A HECKLER UPDATE
By: Lauren Anderson
For those of you reading this blog from the start, you may recall the post I wrote about being heckled onstage for being fat during a corporate improv show a few years ago.
For those of you new to this: you can catch up here.
I was only about 6 months into my time with Solcana, and everything was changing and I was just starting to really “feel myself” and identify as an athlete. And then BLAMO. Knocked out at the knees.
I remember having a choice to make. I could hide away the pain and the aftermath of that incident like I had done a jillion times in the past, and keep on keepin on… or I could write about it.
I decided to write about it. I was terrified to use my relatively new blog medium with Solcana to speak out about what happened. I mean, could I really let it all hang out like that? Turns out, I could. And man, the response I got was unbelievable.
So many people reached out in solidarity, and in love.
Then The City Pages picked it up for their blog, and it was spread even further. People I never met sent cards into the Brave New Workshop for me. Thanking me for sharing my story.
I was overwhelmed. I still am just thinking about it. And I realized that I can’t shut up about it ever again. I am now compelled to keep being radically honest about my body.
Because it dawned on me. If we keep breathing these stories out into the world, then maybe we can save each other from isolation. Maybe we can change how bodies are talked about and perceived. Maybe we can come together and heal. Not just our bodies, but our souls too.

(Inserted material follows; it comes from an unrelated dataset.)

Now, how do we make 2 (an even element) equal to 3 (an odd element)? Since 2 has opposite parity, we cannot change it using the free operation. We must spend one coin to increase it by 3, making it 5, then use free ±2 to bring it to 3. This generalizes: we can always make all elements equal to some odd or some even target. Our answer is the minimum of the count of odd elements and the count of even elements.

A lot has changed since those early days of me at the gym. I am still very much on a learning curve, and it never stops being terrifying. But with each attempt, I get bolder. With each story I grow stronger. With every reach out, I am met with a hand reaching back at me.
And it’s this powerful reminder–I am not the only one.
This spring I was given the opportunity to add my Heckler story to a show full of stories about bodies. It would be part of the 2019 Minnesota Fringe Festival in a show called SIZE.
I remember being so scared at the idea of it, but also exhilarated in equal measure.
Even though the story was already out there, it was still somewhat removed from me. I could hide behind the safety of my computer and divorce myself from the person that wrote it if I needed to.
But what would it feel like to stand in a room full of people (and my peers) and share my story about the flesh– IN THE FLESH?!
And that’s when I knew I had to do it.
This year marks an anniversary in my life. I am celebrating 50 shows at the Brave New Workshop. More than any other performer in it’s 60 year history. That’s a lot of stage time.
And the BNW is also a writer’s theatre. Meaning that every sketch you see on that stage is written by the cast performing it. We have this unique opportunity to write about what we are thinking and feeling. It’s very very satisfying. And just part of the reason why I love my job.
But storytelling? About something that personal? And DRAMATIC?! Dare I?
Well, I dared. And I’m doing it right now.
It’s been SCARY AS HELL. But also tremendously thrilling.
I haven’t been that nervous to perform in ages. My heart racing, my breathing rushed. But speaking out the story live and in person, feels like the slow-motion-walk-away-action-movie-moment that I have been craving.
I am standing in a room, reaching out my proverbial hand again, and I can feel “hands” reaching back at me. And I am so grateful for the reminder, that I am not alone. We all have “Heckler stories”.
I was texting with my friend Gabby this morning and I said, “It’s been such a ride doing this show. It’s good to feel so terrified and then do it anyway. It’s the ultimate reclamation. And I’m so grateful for you being there.”
And she responded, “Totally. It’s beautiful to see.”
And I couldn’t help but agree.
* * *
After one of the shows, I was standing outside feeling “next level” feelings about it all.
I was kind of in line waiting to see another show when an older man turned around to tell me that he was a fan of mine, and loved watching me at the BNW. I was very flattered.
Then, on a dime, he started talking about James Corden and how much I reminded him of the big British actor who does “Carpool Karaoke”, because–
“He’s a big guy too, but still so agile, and quick on his feet. You know, like you.”
I was so surprised that this was happening to me, mere moments after the show I had just done– that I LAUGHED IN HIS FACE.
It bothered me that he said this, but not like before.
Because I have metabolized the pain of comments like this. His words are meaningless to me now. And I started to feel odd compassion for the guy and his lack of understanding.
What’s it like to live in the dark like that?
He was about to go on– and give me more “compliments”– when in an ultimate power move I put a firm hand on his shoulder and kind of shook him to shut him up.
Like a boss in Mad Men taking pity on a rookie employee sticking a foot in his mouth.
I said, “You have yourself a good night.” And I walked away.